Node Status Verification
Check Cluster Health:
# Overall cluster status
docker node ls
# Expected output:
# ID HOSTNAME STATUS AVAILABILITY MANAGER STATUS ENGINE VERSION
# [SECRET] p0 Ready Active Leader 28.4.0
# [SECRET] p1 Ready Active 28.4.0
# [SECRET] p2 Ready Active 28.4.0
# [SECRET] p3 Ready Active 28.4.0
# Detailed node information
docker node inspect p0 --pretty
# Node resource usage
docker system df
docker system info
Node Health Indicators:
- Status: Should be “Ready”
- Availability: Should be “Active”
- Manager Status: Leader on p0, blank on workers
- Engine Version: Consistent across all nodes (28.4.0)

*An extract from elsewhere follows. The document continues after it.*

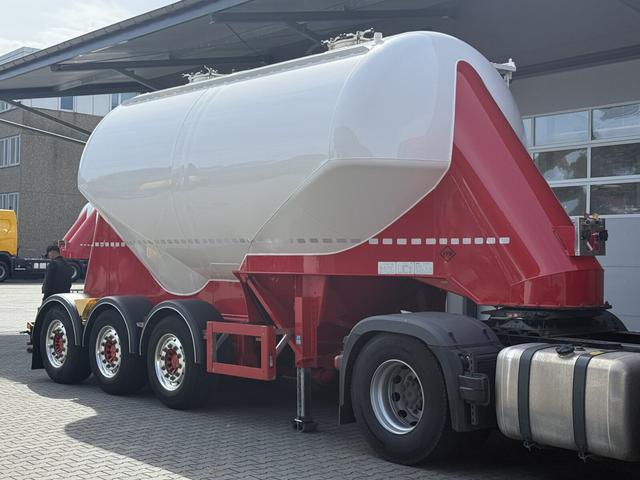 Alt producător Feldbinder FFB Silo Auflieger TEUT 26.3 - 26 m³ Asche Gülle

Troubleshooting Node Issues:
# Check node connectivity
docker node inspect node-name | grep -i state
# View node events
docker system events --filter type=node
# Rejoin failed node
docker swarm leave --force # On failed node
docker swarm join --token [worker-token] manager-ip:2377
Service Health Checks
Service Status Overview:
# All services status
docker service ls
# Expected output shows all services with matching REPLICAS:
# NAME REPLICAS IMAGE
# adminer_adminer 1/1 adminer:latest
# auth_authentik_redis 1/1 redis:alpine
# auth_authentik_server 1/1 ghcr.io/goauthentik/server:latest
# [... continue for all 18 services]
# Detailed service information
docker service ps service-name
# Service configuration
docker service inspect service-name --pretty
Health Check Patterns:
# Services with health checks
docker service ps uptime_uptime-kuma
docker service ps paperless_paperless_webserver
docker service ps auth_authentik_server
# Look for "(healthy)" status in STATE column
Service Recovery Procedures:
# Restart failed service
docker service update --force service-name
# Scale down and up
docker service scale service-name=0
docker service scale service-name=1
# Check service constraints
docker service inspect service-name | grep -A 5 Constraints
Log Analysis and Troubleshooting
Service Log Analysis:
# Real-time service logs
docker service logs -f service-name
# Historical logs with timestamps
docker service logs --since 24h --timestamps service-name
# Filter logs by keyword
docker service logs service-name 2>&1 | grep ERROR
# Container-specific logs
docker logs container-id
Common Log Locations:
# System logs
journalctl -u docker.service -f
# Application logs within containers
docker exec -it container-name tail -f /var/log/app.log
# Swarm orchestration logs
docker service logs traefik_traefik | grep -i error
Log Rotation and Management:
# Check log sizes
docker system df
# Container log configuration
# Add to service configuration:
logging:
driver: "json-file"
options:
max-size: "10m"
max-file: "3"
Troubleshooting Checklist:
- Network Connectivity: Verify overlay networks
- Resource Availability: Check CPU/memory usage
- Storage Access: Verify bind mount accessibility
- Service Dependencies: Ensure dependent services are running
- Configuration: Validate environment variables and secrets